I've been running Amplify Gen2 in production for a while now, and the single most annoying part is this: every time I want to check something, I have to deploy. Tweak the backend, push it up with ampx sandbox, wait for it to apply, check, tweak again. Do that a dozen times a day and it quietly grinds you down.

Then on 2026-06-16, AWS Blocks showed up in public preview. It's a set of backend "Building Blocks" — auth, database, file storage, real-time, async jobs, AI agents — that you compose together, and the headline pitch is that you can develop entirely locally, with no AWS account.

The thing is, I read the preview announcement and it didn't actually answer the questions I cared about. Three of them, specifically:

  • Is this something I migrate to from Amplify? Or something I add to my existing Amplify Gen2 app?
  • Can I create a DynamoDB table locally? (this is the one I really wanted to know)
  • How much faster does the dev loop actually get?

Staring at the announcement wasn't going to tell me, so I dropped it into a live production project — an Amplify Gen2 app with 40+ models — inside an isolated git worktree and actually tried it. I ran DynamoDB locally and pushed it all the way through cdk synth to verify.

Spoiler for the impatient: it's additive, not a migration, DynamoDB does run locally, and my verify loop went from "minutes of deploy round-trips" to "a 1-second local refresh." Below is the log. It's a preview, so I'm leaving the parts where I got stuck in.

Versions at the time of testing: @aws-blocks/create-blocks-app@0.1.7 / @aws-blocks/blocks@0.1.5. It's a preview, so expect this to move.

First question: is this a different thing from Amplify?

The official line is refreshingly blunt: "Blocks is not replacing Amplify. It's additive." There are two ways to use it:

  • Add individual Blocks to an Amplify Gen2 app → you keep deploying through Amplify like always, you just get more parts.
  • Use it standalone → full ownership, local-first, develop with no AWS account at all.

Same Blocks in both cases, no rewriting when you move between paths. It's CDK constructs all the way down, so when you run out of road you can drop to raw CDK.

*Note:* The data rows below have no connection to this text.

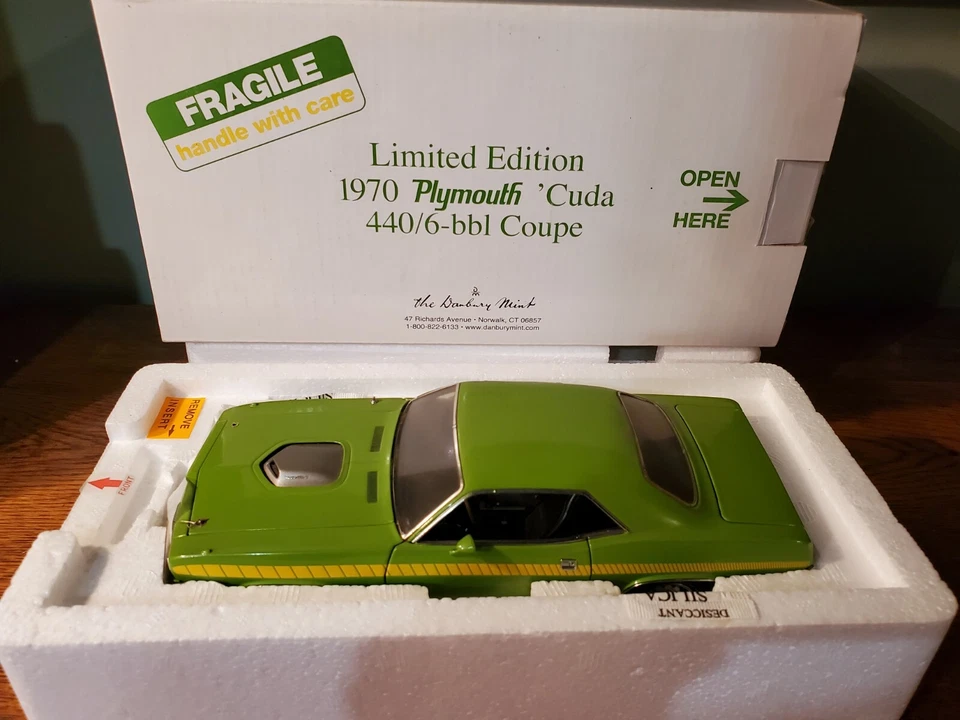 Coche diecast Danbury Mint 1970 Plymouth Cuda 440/6-bbl Hemi cupé escala 1:24 LE Foto 2 de 4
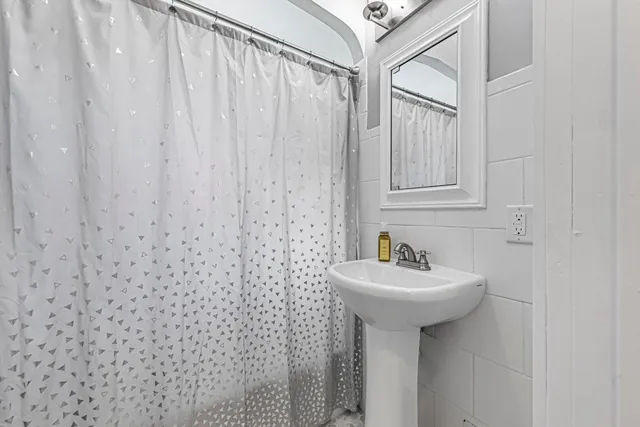 $245,000 | 950 East Main Street, Mankato, MN 56001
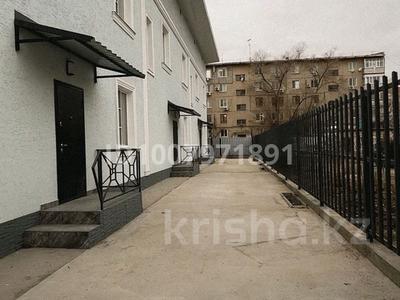 Отдельный дом · 5 комнат · 170 м², Петровского — Возле обл.роддома, на набережной за 600 000 〒 в Атырау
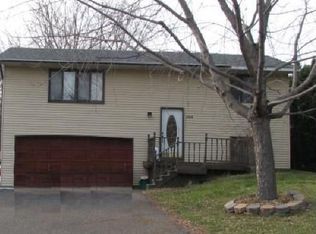 384 5th St NW, Forest Lake, MN 55025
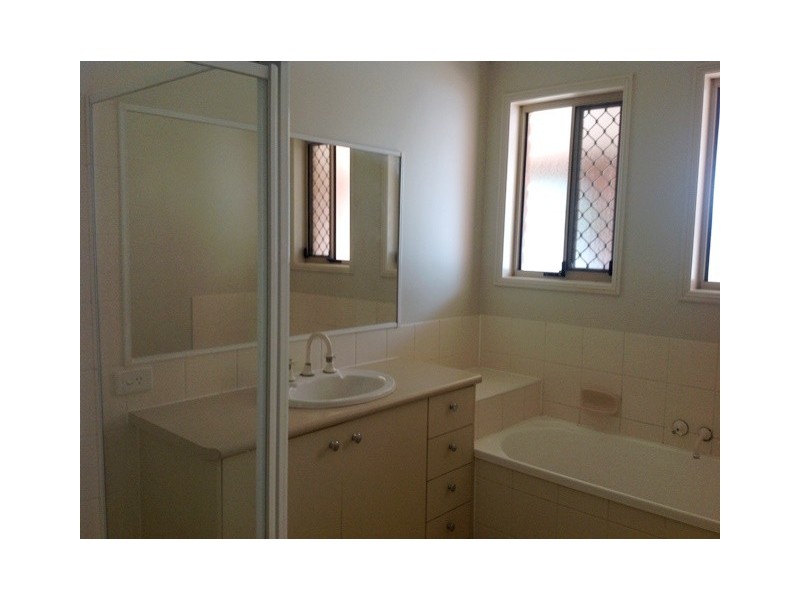 86 Biggs Avenue, Beachmere QLD 4510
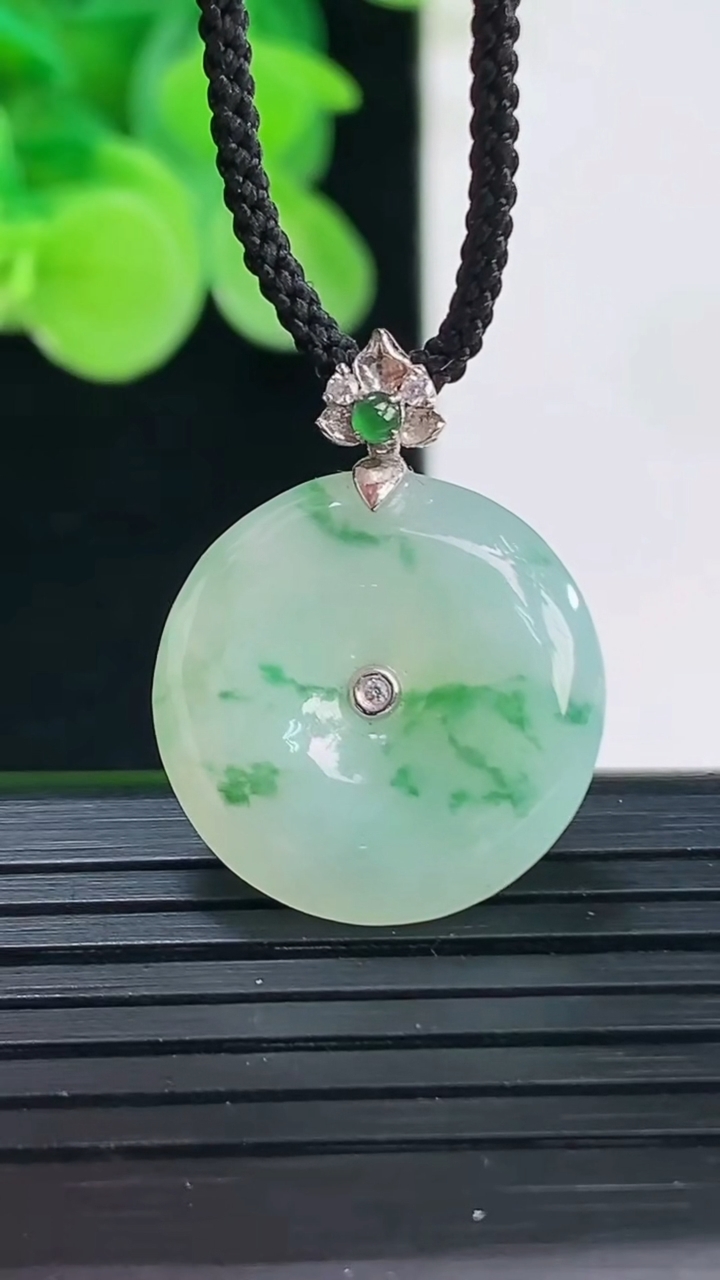 天然A货翡翠18K金飘花平安扣吊坠尺寸18.9-4.5重量:3.49g
4月7日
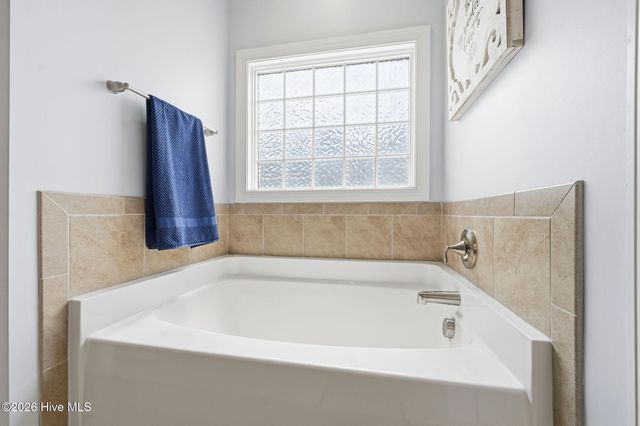 518 Saratoga Road, Sneads Ferry, NC 28460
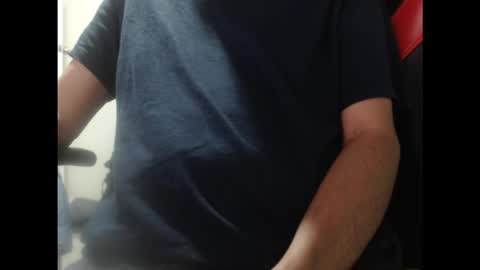 Snapshot of i_love_melissa_ chatting on 11/28/25, 01:52 i_love_melissa_ online show from 11/28/25, 01:52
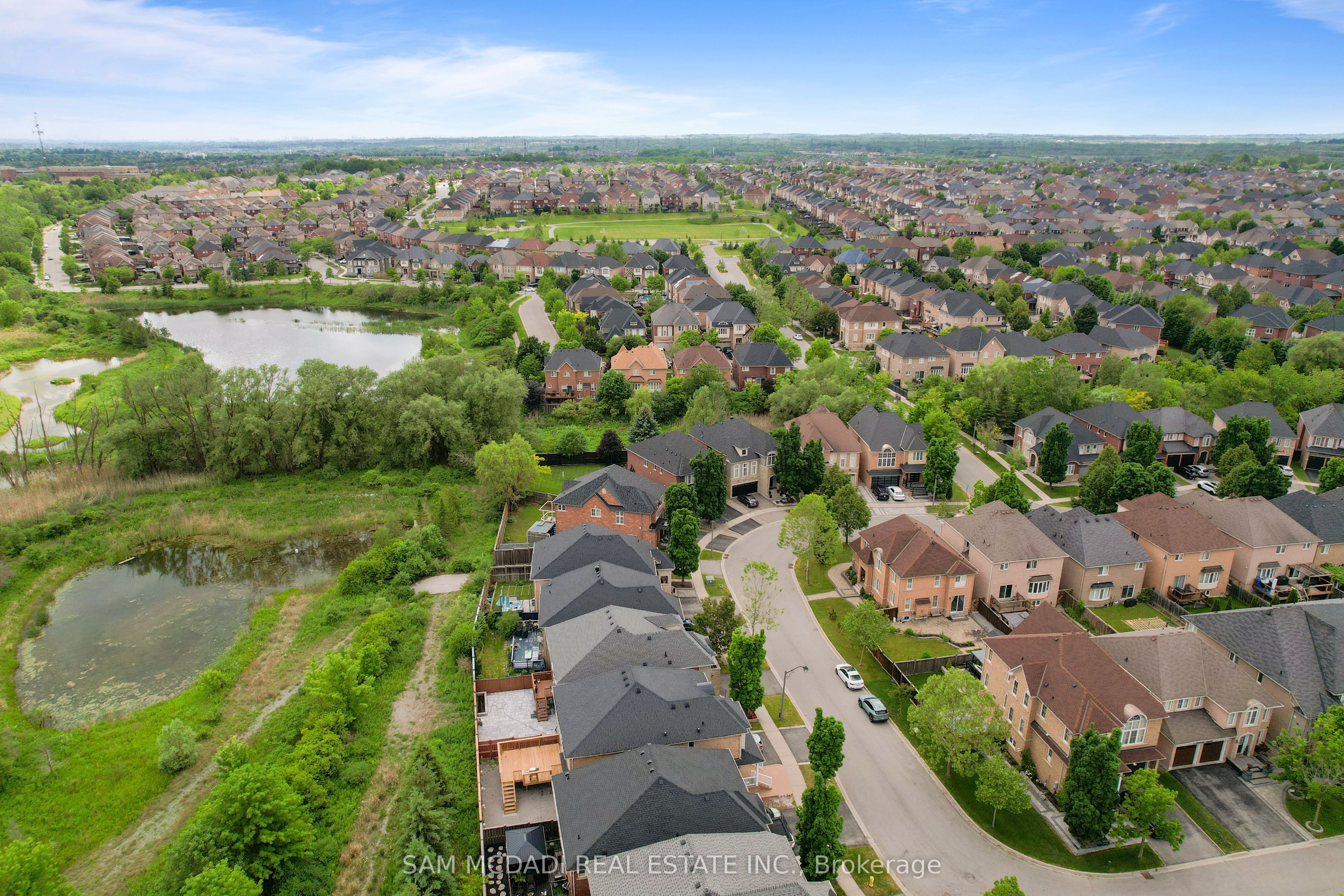 5 Whitbread Crescent, Ajax, ON L1Z 0E3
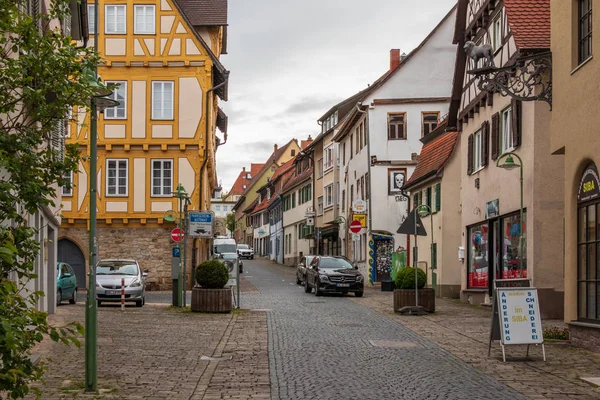 Зиндельфинген, Баден Вюртемберг / Германия - 11 мая 2019 года: Street Scenario of Central District Road, Lange Strasse . — стоковое фото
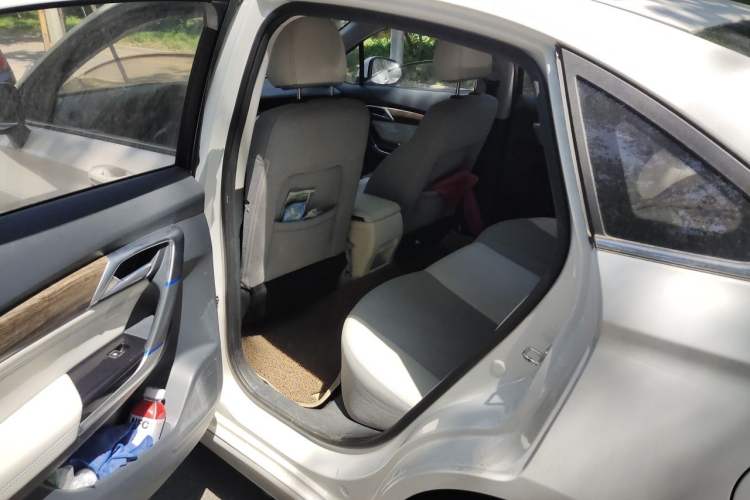 Used BAIC Beijing EU5 2018 R500 Smart Edition Left Rear Seat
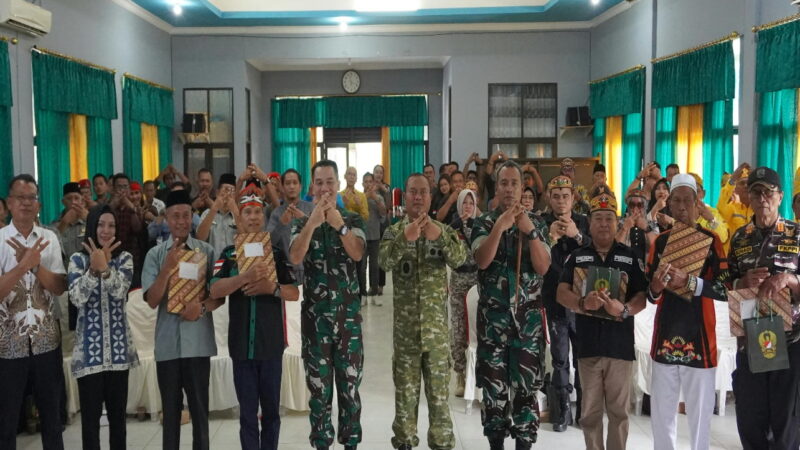 Komandan Kodim 1015/Sampit Dampingi Kapok Sahli Kodam XXII/TB Berikan Sosialisasi Karhutla.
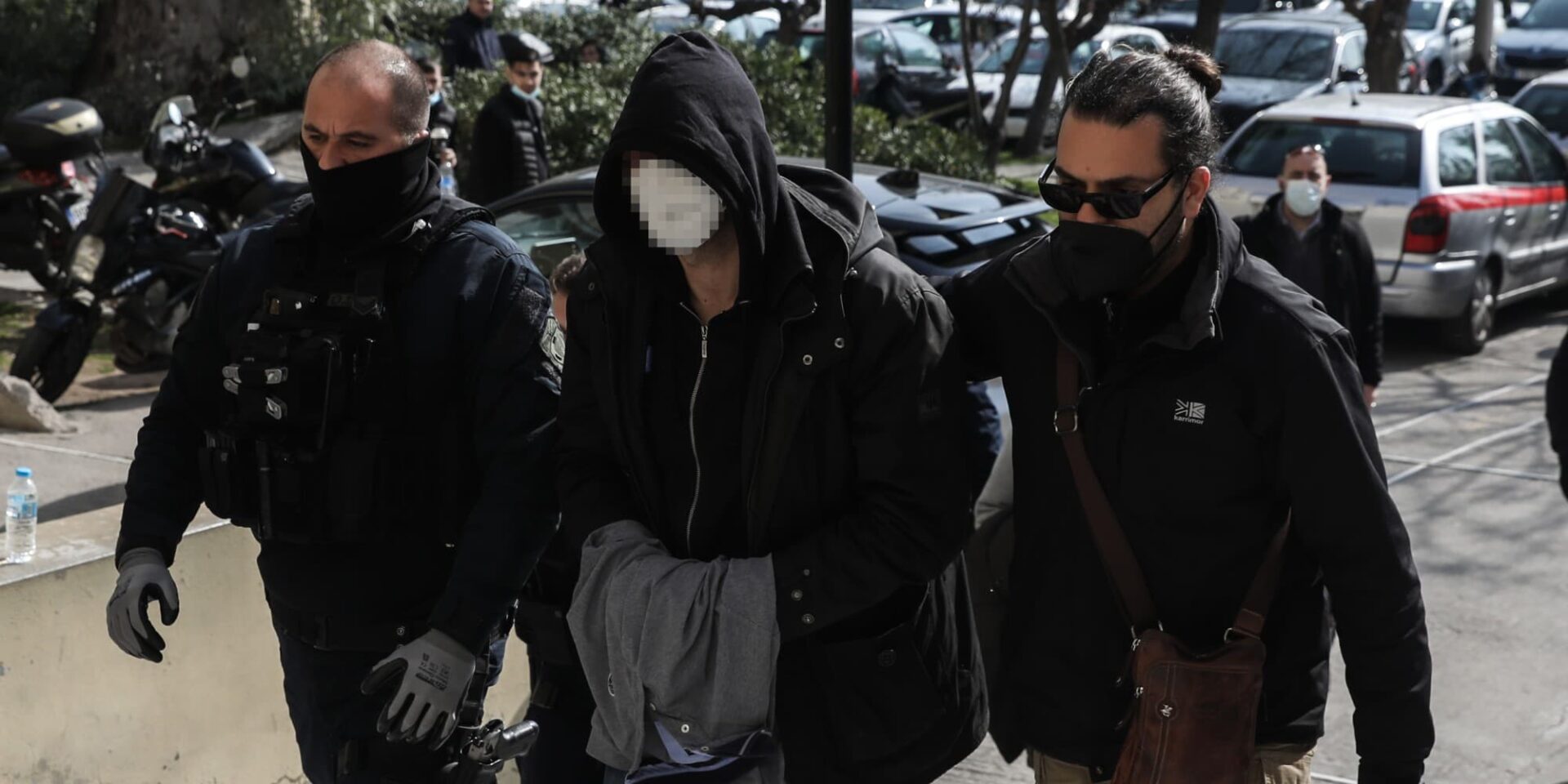 Ο αστυνομικός που κατηγορείται για τον θάνατο Ρομά στο Μενίδι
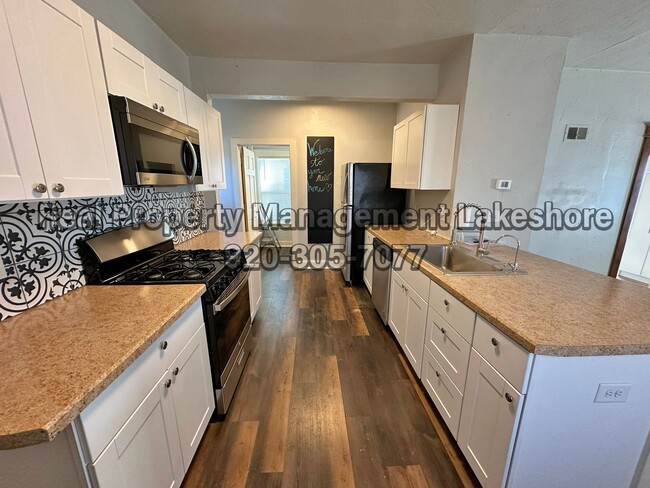 Building Photo - Updated 2 Bedroom Home | Great Location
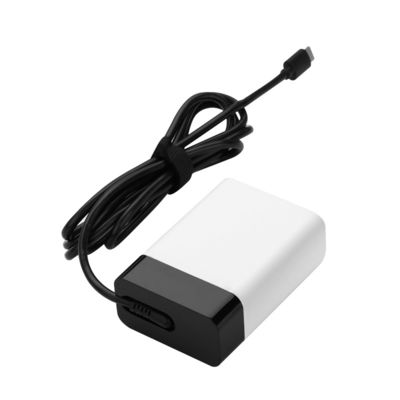 Figure 8 Connecteur Portable 45W PD Chargeur type C Fin avec homologation CE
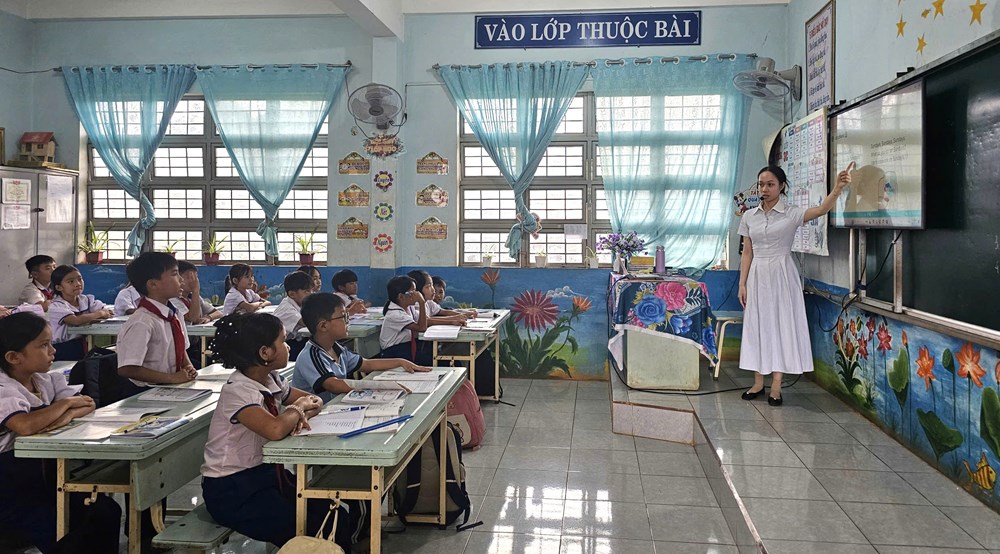 Gia Lai đặt mục tiêu nâng chất phổ cập giáo dục, giảm mù chữ - ảnh 2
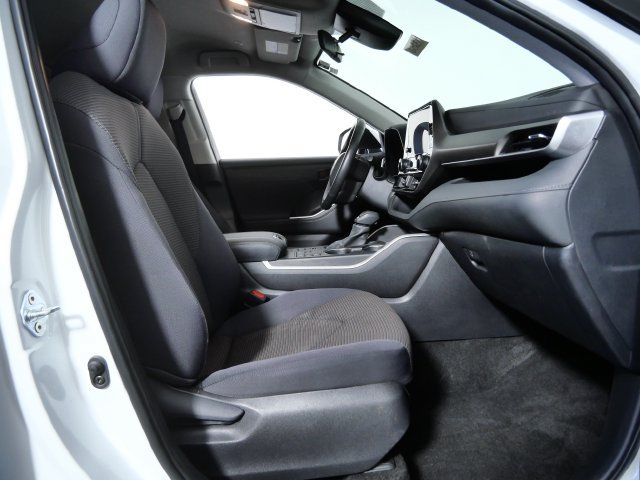 Used 2024 Toyota Highlander LE AWD/4WD image 10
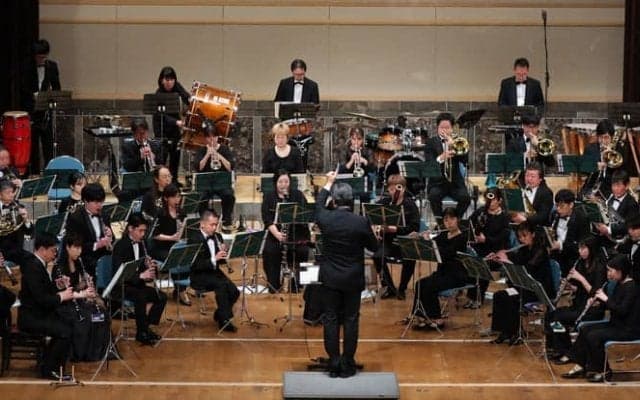 センバツ100年、歴代行進曲コンサート　球場さながら演出に沸く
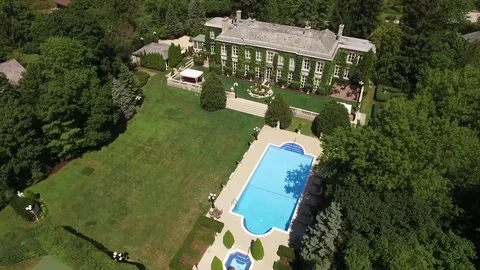 Aerial view of a luxury backyard. Видео 80327027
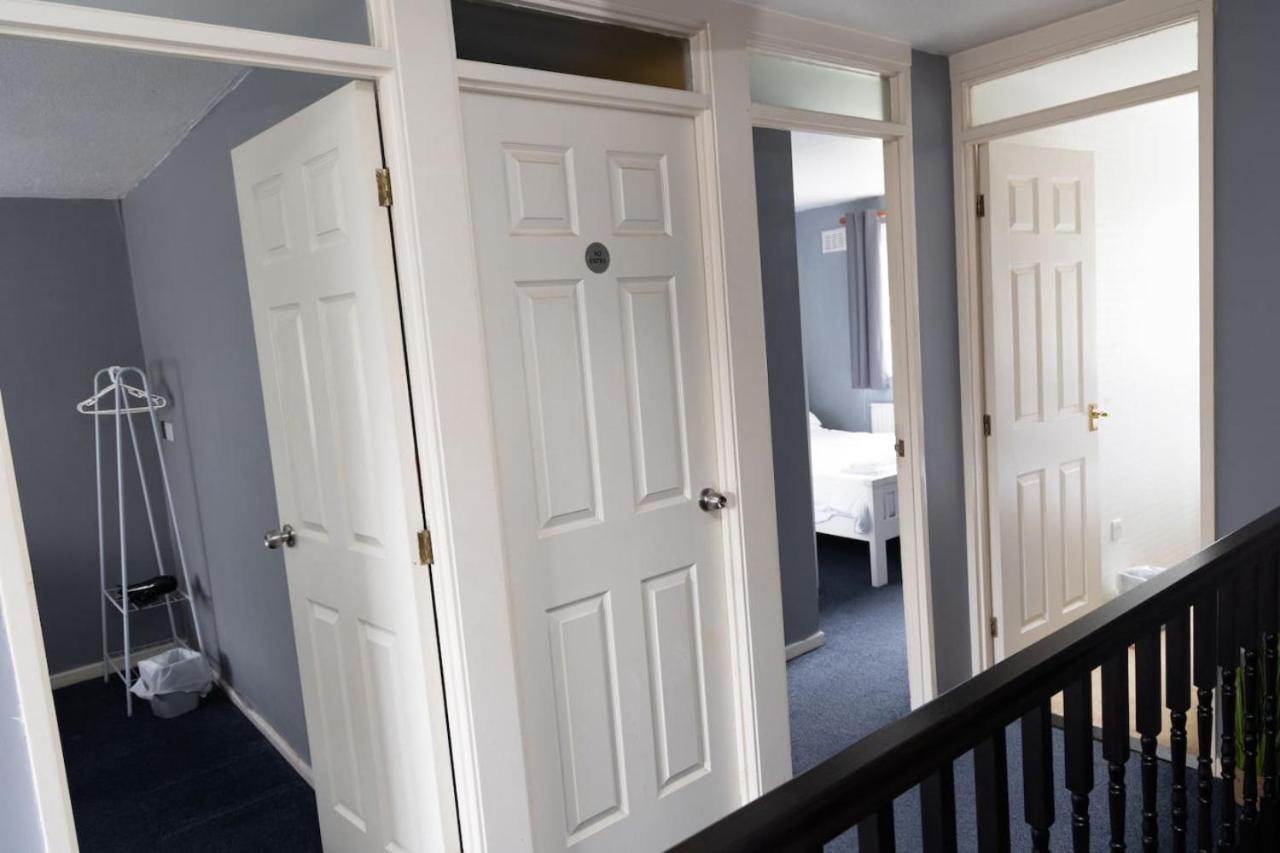 3 Bed Home Sleeps 8 People Located 1 Min From Train Stop - Otley Terrace Oldham Exterior foto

The easy mistake here — and I made it at first — is assuming "there's a standalone mode, therefore this is a thing you move off Amplify onto." Nope. Standalone is just another option; it's not about throwing away your existing Amplify setup. But I don't trust marketing copy on faith, so let's put it on a real project and check.

Trying it on a real project (auto-detect)

The guinea pig: a pnpm workspace monorepo with apps/* and packages/*. The Amplify Gen2 backend lives in packages/gen2-shared-backend/amplify/backend.ts, and amplify/data/resource.ts has 40+ DynamoDB models defined with a.model() (User / Workspace / Project / BusinessModel / LeanCanvas …). This thing runs in production, so obviously I can't have it mangled.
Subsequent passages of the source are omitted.